Have a question about this project? Sign up for a free GitHub account to open an issue and contact its maintainers and the community.

By clicking “Sign up for GitHub”, you agree to our terms of service and privacy statement. We’ll occasionally send you account related emails.

Already on GitHub? Sign in to your account

[BUG] Generic ROS2 driver output for spatial yolo is incorrect #548

Open
kikass13 opened this issue Jun 18, 2024 · 3 comments
Open

[BUG] Generic ROS2 driver output for spatial yolo is incorrect #548

kikass13 opened this issue Jun 18, 2024 · 3 comments
Labels
bug Something isn't working

Comments

@kikass13
Copy link

Hello,

i try to use the yolotiny4 with spatial information via the camera.cpp ros node (via the camera.launch.py). The model runs and the inference results in proper classification, but the spatial information is way off.

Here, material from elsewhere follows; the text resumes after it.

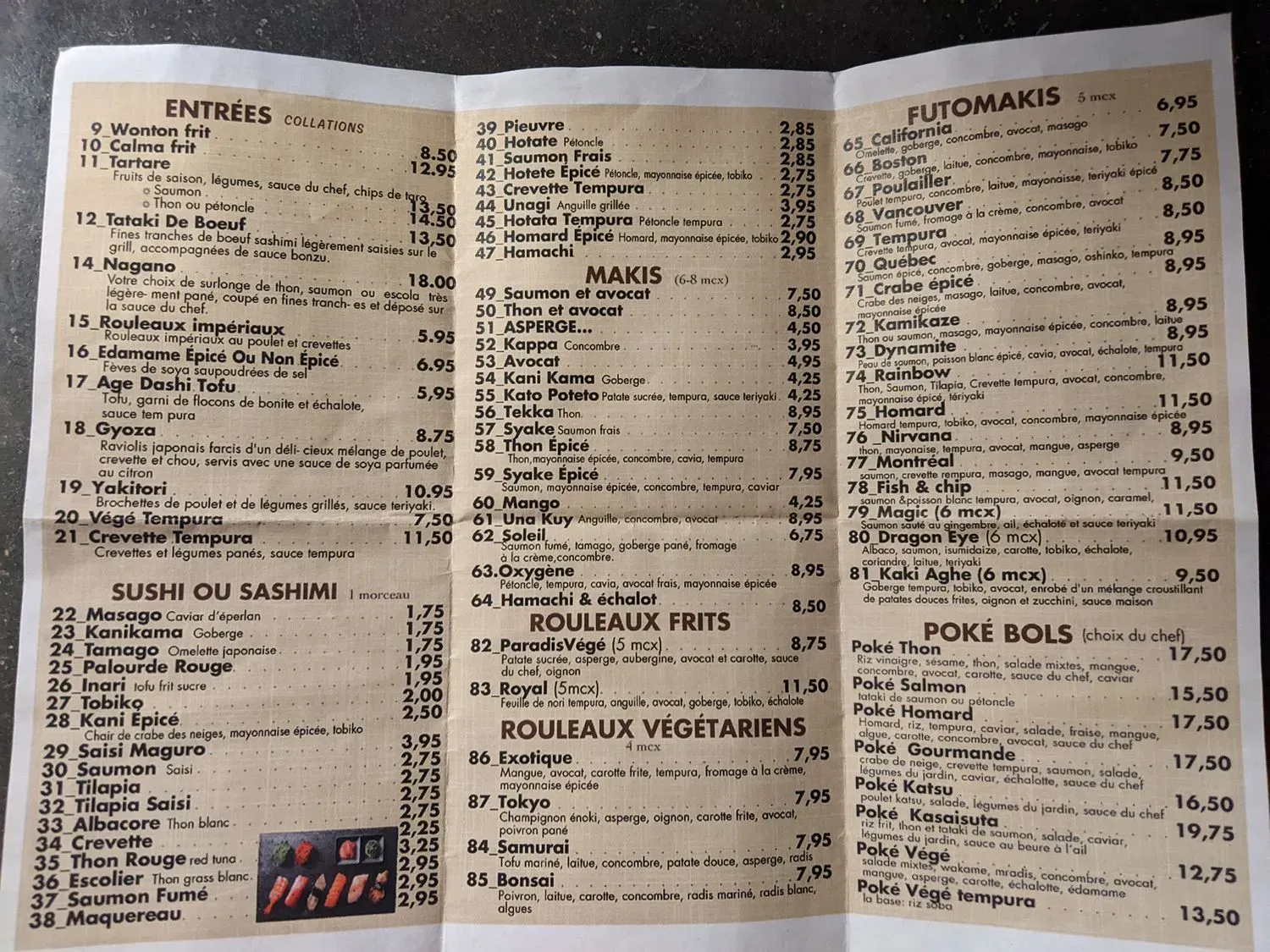 Menu 1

I get -3.0 to 3.0 meters in all axis (x,y,z) for the pose.position while identifying a human (myself) sitting directly in front of the camera.

Position Log while im sitting ~50cm in front of the camera
[gesture_detection_inference_on_oakd-2] geometry_msgs.msg.Point(x=-0.0, y=0.0, z=0.0)
[gesture_detection_inference_on_oakd-2] geometry_msgs.msg.Point(x=-0.0, y=0.0, z=0.0)
[gesture_detection_inference_on_oakd-2] geometry_msgs.msg.Point(x=-4.74098539352417, y=3.4557785987854004, z=8.550938606262207)
[gesture_detection_inference_on_oakd-2] geometry_msgs.msg.Point(x=-1.1852463483810425, y=0.8710846900939941, z=2.1377346515655518)
[gesture_detection_inference_on_oakd-2] geometry_msgs.msg.Point(x=-3.7184200286865234, y=2.7328147888183594, z=6.706618309020996)
[gesture_detection_inference_on_oakd-2] geometry_msgs.msg.Point(x=-0.9341843128204346, y=0.6809415817260742, z=1.684913992881775)
[gesture_detection_inference_on_oakd-2] geometry_msgs.msg.Point(x=-3.1088430881500244, y=2.2848124504089355, z=5.607172966003418)
[gesture_detection_inference_on_oakd-2] geometry_msgs.msg.Point(x=-3.0101494789123535, y=2.2122786045074463, z=5.429166793823242)
[gesture_detection_inference_on_oakd-2] geometry_msgs.msg.Point(x=-1.1424061059951782, y=0.8395997285842896, z=2.060467004776001)
[gesture_detection_inference_on_oakd-2] geometry_msgs.msg.Point(x=-4.122596263885498, y=3.054694890975952, z=7.435598850250244)
[gesture_detection_inference_on_oakd-2] geometry_msgs.msg.Point(x=-1.7084633111953735, y=1.2556174993515015, z=3.0814192295074463)
[gesture_detection_inference_on_oakd-2] geometry_msgs.msg.Point(x=-2.873324155807495, y=2.111720561981201, z=5.182386875152588)
[gesture_detection_inference_on_oakd-2] geometry_msgs.msg.Point(x=-0.9825876355171204, y=0.72214275598526, z=1.7722152471542358)
[gesture_detection_inference_on_oakd-2] geometry_msgs.msg.Point(x=-0.0, y=0.0, z=0.0)
[gesture_detection_inference_on_oakd-2] geometry_msgs.msg.Point(x=-2.370492696762085, y=1.7564494609832764, z=4.2754693031311035)
[gesture_detection_inference_on_oakd-2] geometry_msgs.msg.Point(x=-5.3529887199401855, y=3.9821012020111084, z=9.772500991821289)
[gesture_detection_inference_on_oakd-2] geometry_msgs.msg.Point(x=-4.4880242347717285, y=3.318418264389038, z=8.14375114440918)
[gesture_detection_inference_on_oakd-2] geometry_msgs.msg.Point(x=-2.341932535171509, y=1.7278892993927002, z=4.2754693031311035)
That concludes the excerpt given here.